By Halloween, every other retailer under the sun was busting out the Christmas crap right next to the vampire costumes. Nothing like bum-rushing the season. Let's get some icicle lights to go with the Trick-or-Treat candy, shall we?
And now that the Thanksgiving feast is but a memory preserved in 10,000 digital photos of family and friends around the table about to collapse under the weight of all the food, and the pilgrim and turkey sweaters are (thankfully) retired for a year, it's officially time to pull out the (tacky) festive (hideous) Christmas motif sweaters!
They are everywhere. It's like a science fiction fashion nightmare. "They came from nowhere … soon they were everywhere … of Biblical proportions … it was the annual plague of the Christmas sweaters…"

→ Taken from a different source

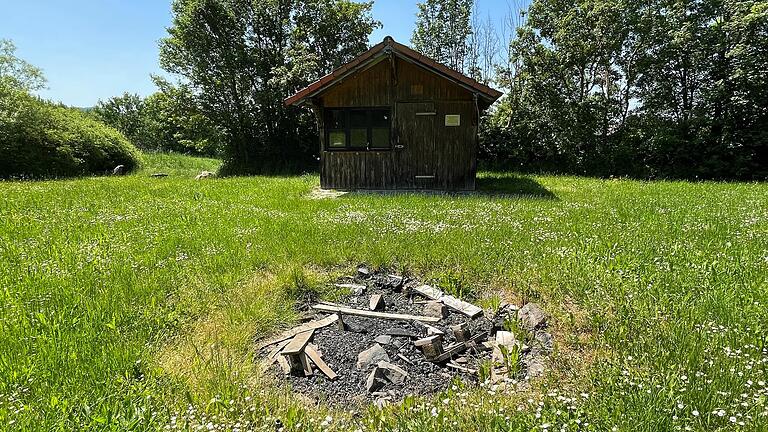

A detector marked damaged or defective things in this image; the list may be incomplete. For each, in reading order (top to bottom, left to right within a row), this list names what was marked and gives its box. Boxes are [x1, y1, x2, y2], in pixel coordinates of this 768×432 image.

And don't forget the socks. And the earrings.
I think there is some wardrobe manual somewhere that declares that all teachers and women over the age of thirty-five must own at least one, and usually a full month’s worth, of Christmas sweaters. I come from a family of early adopters – my sister jumped on the Christmas sweater craze around age twenty. Poor thing. I love her, but she always was fashion-challenged. My conservative, nothing cut lower than a turtleneck mom, well, I can't remember a time she didn't have one or a dozen of the versions with pom poms or tassels swinging from her chest like a burlesque dancer. My sister-in-law has a full collection of the offending oversized, misshapen holiday sweaters that she has worn with leggings every year since the first time leggings were in style. (And in a freak accident of accelerated fashion cycles, she will actually be in style with the leggings thing this year! If only she would swap the nasty sneakers for some stylish boots…)

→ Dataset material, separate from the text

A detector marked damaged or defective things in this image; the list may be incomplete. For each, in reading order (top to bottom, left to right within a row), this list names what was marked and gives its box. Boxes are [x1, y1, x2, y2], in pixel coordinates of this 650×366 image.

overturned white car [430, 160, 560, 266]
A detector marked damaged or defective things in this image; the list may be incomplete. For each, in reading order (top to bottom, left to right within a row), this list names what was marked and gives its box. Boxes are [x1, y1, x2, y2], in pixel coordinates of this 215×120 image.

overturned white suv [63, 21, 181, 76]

I refuse to go there. If my options were wearing a Christmas sweater or going naked and freezing at Christmas dinner, I'd choose freezing. Or skipping dinner altogether. There are very few things I take a hard stand on. This is one of them. It might actually be the only one.
I swear (and I beg) if you ever, ever, see me in a Christmas appliqué sweater adorned with ornaments and/or Scottie dogs in berets and/or Christmas trees and/or little jingly bells, please, please just shoot me on sight. This also applies to its cousin, the oversized sweatshirt adorned with puffy glitter paint. Because I think we all know that I will already have gone completely insane at that point. Such horrors are not part of my fashion repertoire. Red velvet, fitted, cropped jacket with red satin belt? Yes. Sweater loaded with pom poms and jingle bells? Not on your life. Print this blog and carry it in your wallet. You can hand it to the policemen on the scene as you are trying to explain my demise on the lawn.
I'm not against Christmas decorations. I'm fully in favor of decorating the house. I have the (fake and reusable) pine garland with pine cones and lights I can't plug in because there is no outside outlet at my vintage house (which totally blows because I could sure use the additional lighting out there). I have enough tree ornaments to decorate an entire forest. I love Christmas trees. I love lights. I am just not going to decorate myself in one of those awful sweaters. And you can't make me.